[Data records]
######
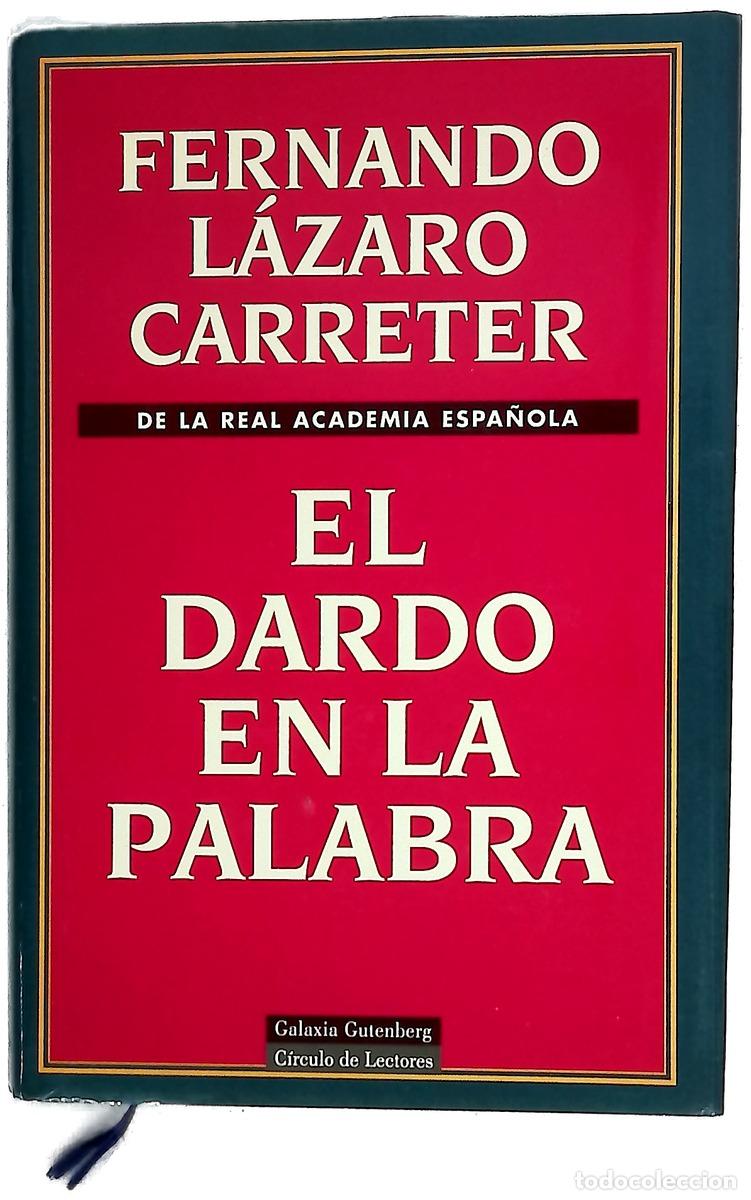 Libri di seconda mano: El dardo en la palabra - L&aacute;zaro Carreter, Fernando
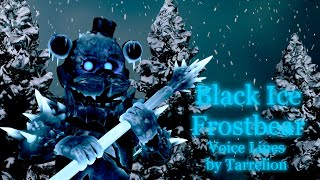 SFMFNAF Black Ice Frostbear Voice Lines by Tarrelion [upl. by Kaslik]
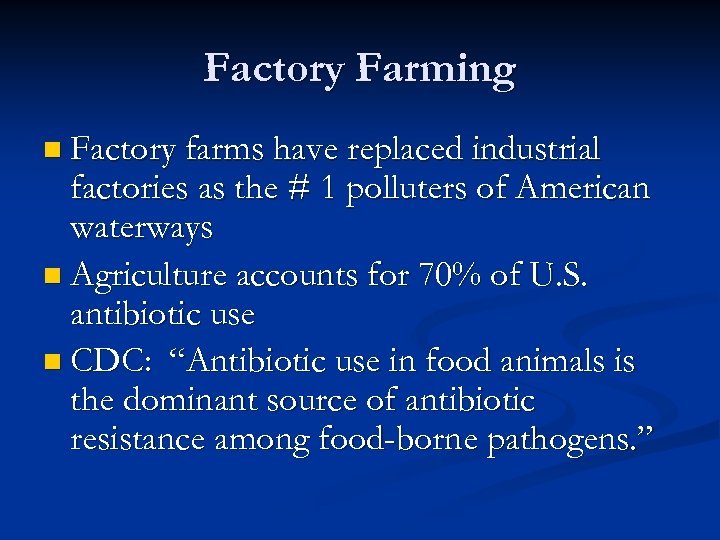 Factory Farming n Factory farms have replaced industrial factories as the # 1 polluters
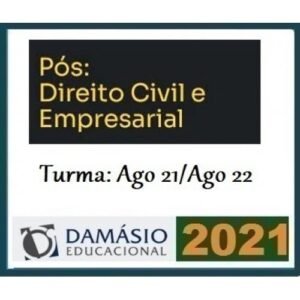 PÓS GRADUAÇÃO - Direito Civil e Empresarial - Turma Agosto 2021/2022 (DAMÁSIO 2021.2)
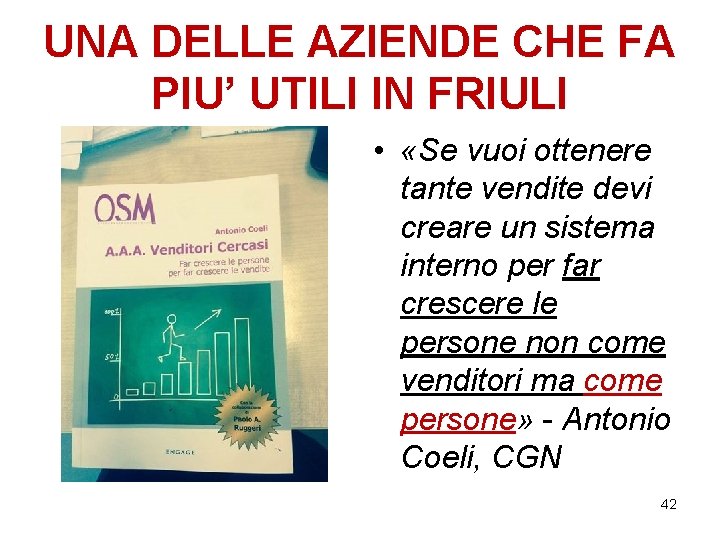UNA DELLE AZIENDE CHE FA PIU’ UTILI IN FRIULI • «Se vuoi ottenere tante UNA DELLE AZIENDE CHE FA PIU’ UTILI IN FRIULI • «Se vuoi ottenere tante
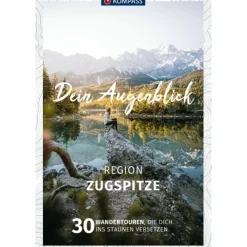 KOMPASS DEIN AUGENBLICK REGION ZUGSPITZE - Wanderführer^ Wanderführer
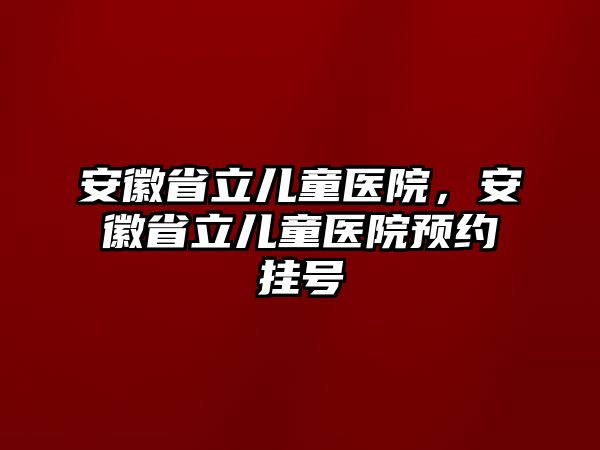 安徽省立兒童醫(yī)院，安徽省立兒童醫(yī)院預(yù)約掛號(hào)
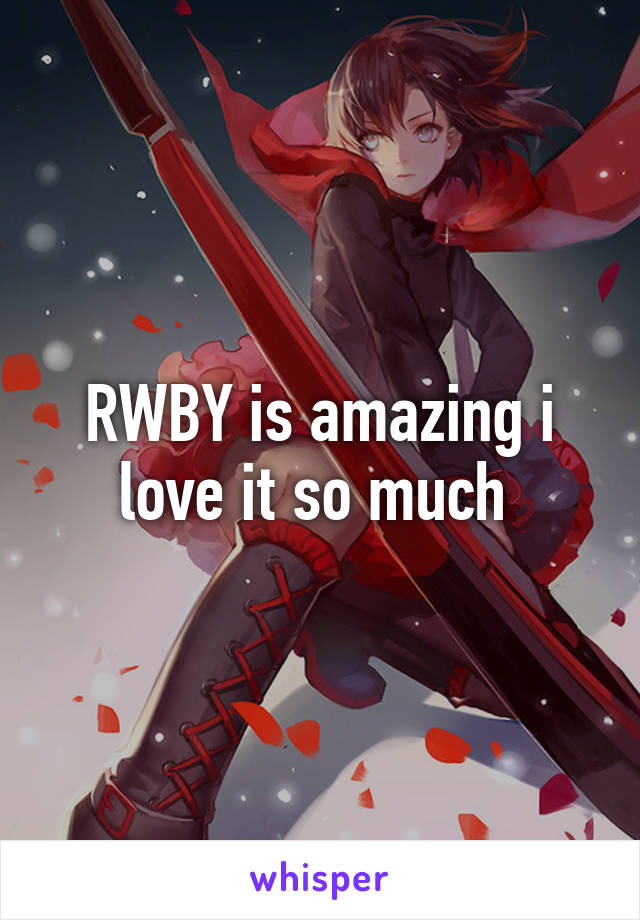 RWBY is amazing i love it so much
######
** TASK **
Give back each entry exactly as it appears. Leave pictures out.

** RESULT OF THIS EXERCISE **
 Libri di seconda mano: El dardo en la palabra - L&aacute;zaro Carreter, Fernando
 SFMFNAF Black Ice Frostbear Voice Lines by Tarrelion [upl. by Kaslik]
 Factory Farming n Factory farms have replaced industrial factories as the # 1 polluters
 PÓS GRADUAÇÃO - Direito Civil e Empresarial - Turma Agosto 2021/2022 (DAMÁSIO 2021.2)
UNA DELLE AZIENDE CHE FA PIU’ UTILI IN FRIULI • «Se vuoi ottenere tante UNA DELLE AZIENDE CHE FA PIU’ UTILI IN FRIULI • «Se vuoi ottenere tante
 KOMPASS DEIN AUGENBLICK REGION ZUGSPITZE - Wanderführer^ Wanderführer
 安徽省立兒童醫(yī)院，安徽省立兒童醫(yī)院預(yù)約掛號(hào)
 RWBY is amazing i love it so much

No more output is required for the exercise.